Outro ponto, é que a mineração pode também ser usada para reduzir as emissões de carbono de operações de óleo e gás. Um exemplo é o que estamos fazendo na operação de mineração da Arthur Digital Assets, nos EUA, onde usamos flare e stranded gas como fonte primária de energia, instalando a operação de mineração dentro das operações de gás e consumindo o gás que seria queimado diretamente para o ambiente. Dessa forma, conseguimos reduzir em até 95% a emissão de monóxido de carbono (CO) e até 39% a emissão de dióxido de carbono (CO2), podendo eventualmente até gerar créditos de carbono dessa redução.
Mito III: Bitcoin não é eficiente e a mineração tende a acabar
O uso de processamento computacional, traduzido no consumo energético, como forma de manter o funcionamento do protocolo do bitcoin é, no meu entendimento, uma vantagem e não uma falha. Ao passo que o poder computacional e o consumo energético crescem, a rede fica menos suscetível a ataques, aumentando a segurança do sistema.
Na prática, não existe bitcoin sem mineração. Os mineradores são a espinha dorsal do sistema e necessários para que ele continue funcionando. Existem projetos de outras criptos que utilizam um formato diferente do bitcoin para manter o funcionamento do sistema, mas até o momento em que escrevo este artigo, mecanismo de consenso chamado de Prova de Trabalho (PoW) do bitcoin ainda é o mais seguro.
Desse modo, o mais provável é que o poder de processamento alocado na rede do bitcoin siga crescendo, cada vez com maior eficiência e contribuindo para novas soluções para a geração e o consumo de energia.
Mito IV: o impacto ambiental do crescimento do bitcoin será desastroso
Atualmente, além da iniciativa com Stranded e Flare Gas, temos projetos para uso de mineração como forma de otimização de operações de geração de energia nos Estados Unidos. Na prática, ao minerar bitcoins off-grid, somente fora dos horários de pico de consumo, quando há excedente de energia, uma operação hidrelétrica consegue otimizar em pelo menos 18% a sua receita, com um baixo investimento proporcional.
Dessa forma, acredito que as operações de mineração cada vez mais irão incentivar e tornar viáveis mercados para energia renovável, proporcionando um ciclo virtuoso que pode realmente contribuir para o combate às mudanças climáticas.
A possibilidade de instalação de operações de mineração diretamente na planta de geração de energia, com o consumo localmente off-grid, permitirá a criação de novas estruturas e soluções energéticas.
Função de Utilidade
Como comentei no início deste artigo, tudo é uma questão de narrativas.

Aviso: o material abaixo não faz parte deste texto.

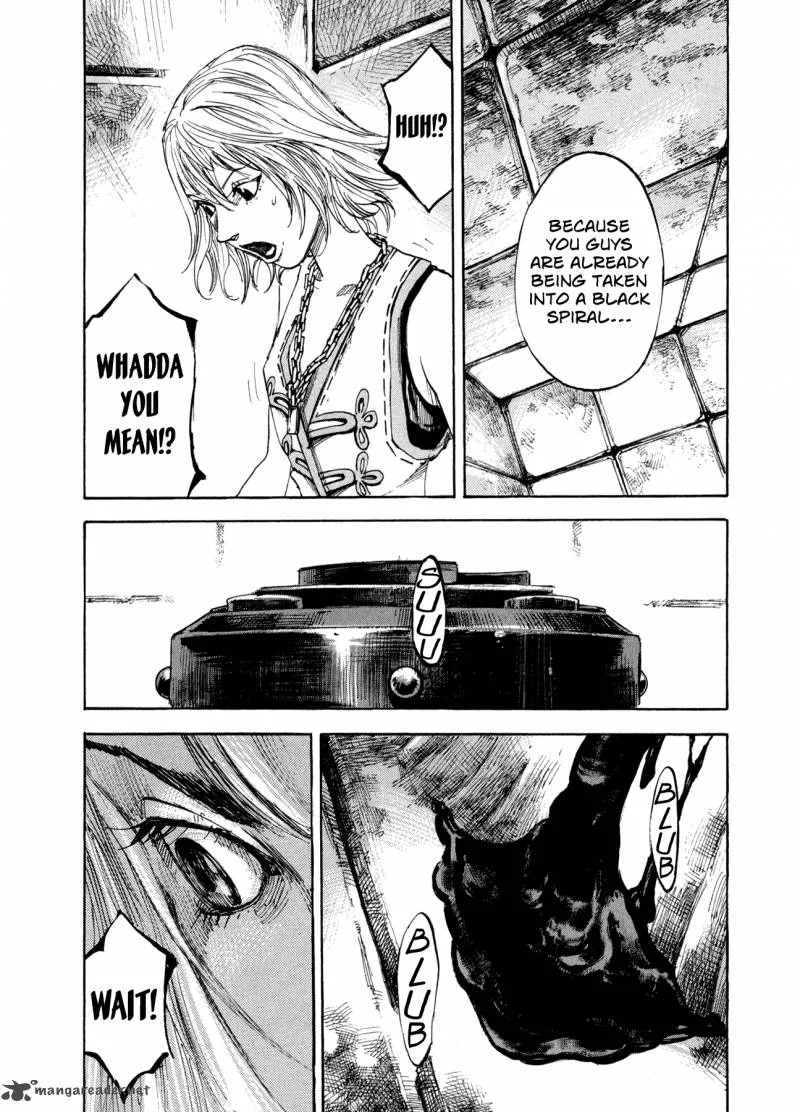 Hito Hitori Futari Chapter 14 page 10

Sob a ótica de uma função de utilidade, talvez muita gente possa dizer que o bitcoin não serve pra nada e, portanto, seu consumo energético não deveria nem existir. Inclusive, essa mesma discussão sobre o consumo energético excessivo ocorreu nos anos 90 com o avanço da Internet e dos computadores pessoais.
Sob a mesma análise de utilidade, como expliquei, a atividade de mineração é o que mantém a rede do bitcoin segura. São os mineradores que processam a rede, viabilizando que transações ocorram entre partes, que podem estar em diferentes locais do globo e funcionam sem depender de qualquer autoridade central.
A utilidade, portanto, é oferecer um sistema de transações imutável, seguro e que funcione de maneira independente e sem a necessidade de qualquer autorização de qualquer intermediário.
O fato é que há um claro incentivo econômico para o investimento nesta atividade, que poderá beneficiar não só os mineradores, mas a sociedade como um todo. Dito isso, onde há incentivo, há inovação e progresso.
Acho que é somente uma questão de tempo para vermos a mudança de “bitcoin é sujo e um problema para o meio ambiente” para “bitcoin é usado para otimizar o sistema energético de países”.